Batı zehirlenmesi için birçok tanım olabilir. Benden de bir tane gelsin. Batı zehirlenmesi, “Batı’nın vitrine koyduğu unsurları kendine alternatifsiz ülkü edinme” olarak tanımlanabilir. Her şeyin iyisinin Batı’da olduğu, örneğin Batı’nın demokrasi uygulayışının en mükemmel iktidarı kullanma yetki delegasyonu olduğu gibi tezler bu zehirlenmenin başlangıç aşamalarıdır. İnsana ve kültüre göre olması gereken kanunların en mükemmelinin yine Batı’da olduğu varsayımı da bu kapsamdadır.

Hatta ulusalcılık/milliyetçilik düşmanlığı da bir Batı zehirlenmesi örneğidir. Bugünün Batı’sı, küresel dünyada ulusların değil, ülkeler arası ilişkilerin, geçişgenliklerinin, sınırsızlığın daha önemli olduğunu vurgulamaya çalışmaktadır. Bu Batı zihniyetini körü körüne savunarak milliyetçiliğin düşmanı olmak da bu anlamda bir Batı zehirlenmesidir.

Bunlarla da yetinmez Batı zehirlenmesi. Teknolojinin en mükemmellerinin ancak ve ancak Batı’dan çıkabileceğini, bu nedenle Batı’nın peşinde olmamız gerektiğini düşündürür. Türkiye’nin akademik olarak da sanayi olarak da ilerlemelerde asla öncü olamayacağı ve hiç kasmadan Batı’nın çıktılarının en erken kullanıcılarından olunması gerektiğini savunur.

Batı zehirlenmesine ve müstemleke zihniyetine örnekleri ben vermeyeyim. Sizler bu yazıyı okuyunca sosyal medyada yorumlarla örnekler verebilirsiniz. Peki, bugünün Doğu’su neler başarıyor, ona bakalım.
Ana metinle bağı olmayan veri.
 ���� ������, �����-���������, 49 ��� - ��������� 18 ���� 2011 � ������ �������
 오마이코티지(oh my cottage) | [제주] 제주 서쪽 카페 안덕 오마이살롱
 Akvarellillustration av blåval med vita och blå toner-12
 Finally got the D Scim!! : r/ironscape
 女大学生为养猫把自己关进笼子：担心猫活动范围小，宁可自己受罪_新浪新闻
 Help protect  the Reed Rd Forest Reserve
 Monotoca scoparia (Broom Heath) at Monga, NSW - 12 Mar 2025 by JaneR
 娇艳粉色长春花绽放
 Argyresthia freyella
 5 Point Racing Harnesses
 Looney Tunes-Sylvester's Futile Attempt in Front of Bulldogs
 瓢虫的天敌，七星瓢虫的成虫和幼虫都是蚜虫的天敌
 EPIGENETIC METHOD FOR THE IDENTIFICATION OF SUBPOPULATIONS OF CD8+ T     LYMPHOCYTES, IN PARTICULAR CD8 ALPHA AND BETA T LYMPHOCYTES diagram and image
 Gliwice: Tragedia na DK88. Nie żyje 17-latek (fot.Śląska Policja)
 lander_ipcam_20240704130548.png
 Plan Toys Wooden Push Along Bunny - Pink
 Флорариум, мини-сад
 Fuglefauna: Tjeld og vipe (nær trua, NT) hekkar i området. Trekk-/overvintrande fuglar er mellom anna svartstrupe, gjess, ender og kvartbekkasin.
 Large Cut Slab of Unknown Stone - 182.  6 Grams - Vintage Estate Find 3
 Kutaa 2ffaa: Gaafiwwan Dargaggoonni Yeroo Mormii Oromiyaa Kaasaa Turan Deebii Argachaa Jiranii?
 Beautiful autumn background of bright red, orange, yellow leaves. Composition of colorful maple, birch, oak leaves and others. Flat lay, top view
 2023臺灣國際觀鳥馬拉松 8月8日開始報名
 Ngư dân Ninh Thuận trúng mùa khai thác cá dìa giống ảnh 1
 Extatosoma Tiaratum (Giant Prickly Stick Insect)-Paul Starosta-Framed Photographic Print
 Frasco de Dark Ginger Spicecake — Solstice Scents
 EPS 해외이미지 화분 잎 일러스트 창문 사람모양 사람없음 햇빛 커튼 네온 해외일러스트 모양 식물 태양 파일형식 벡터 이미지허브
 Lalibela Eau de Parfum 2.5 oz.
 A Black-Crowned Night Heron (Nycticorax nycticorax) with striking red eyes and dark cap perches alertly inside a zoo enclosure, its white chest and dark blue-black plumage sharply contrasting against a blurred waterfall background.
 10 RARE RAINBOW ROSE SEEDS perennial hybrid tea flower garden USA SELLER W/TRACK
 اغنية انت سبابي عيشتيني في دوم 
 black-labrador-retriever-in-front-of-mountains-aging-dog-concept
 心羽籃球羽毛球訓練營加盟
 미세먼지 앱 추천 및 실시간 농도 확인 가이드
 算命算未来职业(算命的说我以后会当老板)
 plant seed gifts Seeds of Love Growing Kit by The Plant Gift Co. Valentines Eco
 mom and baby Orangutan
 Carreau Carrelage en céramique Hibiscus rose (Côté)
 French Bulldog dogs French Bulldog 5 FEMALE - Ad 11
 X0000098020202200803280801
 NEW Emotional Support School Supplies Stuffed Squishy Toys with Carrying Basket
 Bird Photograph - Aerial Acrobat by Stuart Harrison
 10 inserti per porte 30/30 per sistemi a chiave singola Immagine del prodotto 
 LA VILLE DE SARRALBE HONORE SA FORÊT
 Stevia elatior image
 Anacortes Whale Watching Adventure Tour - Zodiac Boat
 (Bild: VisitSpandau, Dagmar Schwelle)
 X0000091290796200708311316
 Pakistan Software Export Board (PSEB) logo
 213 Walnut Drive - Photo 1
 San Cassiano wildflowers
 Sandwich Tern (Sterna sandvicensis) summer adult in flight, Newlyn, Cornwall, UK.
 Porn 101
  • Tüm alanlardaki bilimsel ve teknik makalelerdeki ilk 10 ülkenin, yarısı Doğu’dan. Makale sayısına göre ise Doğu, Batı’dan büyük.
  • Küresel mobil iletişim altyapısında kullanılan ilk üç markanın ikisi Uzak Asya’dan.
  • Akıllı telefon pazarında Uzak Asya lider.
  • Elektronik üretiminde Uzak Asya önde.
  • Çipte ise Uzak Asya, Amerika’dan ithal ettiği çiplere bağımlı olsa da bu bağımlılığı kırmak için tabiri caizse varını yoğunu harcıyor.
  • Durum çipte Asya aleyhine görünse de, birçok teknolojinin üretiminde kullanılan 20’ye yakın nadir elementin yarıdan fazlası Asya’da üretiliyor.
  • 5G patentlerinin çoğu Çin’de. 5G standartlarına teknik katkılarda Uzak Asya önde.
  • Sadece üretimde değil fikri mülkiyet ediniminde de Uzak Asya engellenemez hızla ilerliyor.
  • Biyoteknolojide, örneğin aşı üretiminde Çin ve Rusya öncüler.
  • Hindistan yazılımda büyük bir alt yüklenici işi oluşturmayı başardı.
  • Pakistan nükleer teknolojiye sahip ülkelerden birisi.
  • Neredeyse her şeyin üretiminde dünyanın fabrikası Asya.
  • Üretim üssü olarak görmeye alıştığımız Asya, araştırma geliştirme ve tasarım ile fikri mülkiyete de hâkim olmaya başladı.

 

Batı’dan alabileceklerimizin gerçekte daha da sınırlı hâle geldiğini, Doğu’nun güçlendiği ve yeniden zenginleştiğini, bununla beraber de daha ötesini istediğimizde kendimizin de yapabileceğini görmemiz gerekir.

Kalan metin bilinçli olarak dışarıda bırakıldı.